2. Be a Change Manager
Information security requires a culture change within the organization. Making all employees aware of the importance of information security, ensuring the right security policies and processes and making sure that the implemented security analytics are used, requires a culture change. This is difficult, as people have natural inertia to change. Therefore, the Chief Information Security Officer should be a strong change manager, who is capable of changing people’s behavior within the company.
3. Be a Strategist and Communicator
As a CISO, it is your responsibility to create high-end encryption and make your systems as unhackable as possible, but still, align it with the business objectives. Unmoveable, cold-stored data does not help with the business, as business needs the information to flow and be reachable in real-time. It is, therefore, the objective of the CISO to find a balance between security needs and business needs and be able to convey this message to the stakeholders. After all, if the end-users do not understand why certain security measures are in place, they are likely to ignore it.

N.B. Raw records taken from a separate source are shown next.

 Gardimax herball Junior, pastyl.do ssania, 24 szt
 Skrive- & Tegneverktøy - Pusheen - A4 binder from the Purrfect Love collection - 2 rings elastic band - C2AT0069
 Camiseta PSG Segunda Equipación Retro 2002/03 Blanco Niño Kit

4. Be a Good Recruiter and Manager
Developing an advanced information security environment, including analytics for monitoring and detection of data breaches, requires very skilled personnel. Often, these developers are hard to come by and hard to keep. A great CISO hires staff that are analytical, great thinkers and result-focused that like to solve complex puzzles. It is the task of the CISO to create an inspirational and challenging work environment for IT security staff.

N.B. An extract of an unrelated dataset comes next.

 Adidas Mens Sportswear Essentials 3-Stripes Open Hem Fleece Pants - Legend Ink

5. Be Capable of Complex Risk Assessments
Developing and implementing information security systems take time, money and energy. A great CISO can assess and prioritize which assets need to be protected first and how depending on the risks involved. To do so, the Chief Information Security Officer should have a clear understanding of the objectives of the different departments, what the different data requirements are and what the corresponding risk factors are. Based on an analysis of these, often conflicting interests, the CISO should be able to develop an actionable security strategy to minimize the risks the organization faces.
The introduction of the Chief Information Security Officer is just the beginning. The world of digital security is changing rapidly, and organizations should evolve as well. Cybercriminals are constantly changing their tactics, finding new ways to attack companies, so if a company refuses to stay up-to-date, they are almost asking to be hacked. This new reality requires a new approach to security.
Protecting your company should be focused on prevention, detection, and response. On the one hand, you should make it as difficult as possible for criminals to hack your systems. Encrypt your documents, and especially your passwords, and use firewalls to protect your systems from outside intruders. On the other hand, focus on monitoring and detection to know what is going on within your network and company. Finally, combine different tools to directly respond when an intruder is discovered. To implement all these information security measures, the role of the Chief Information Security Officer is a necessity.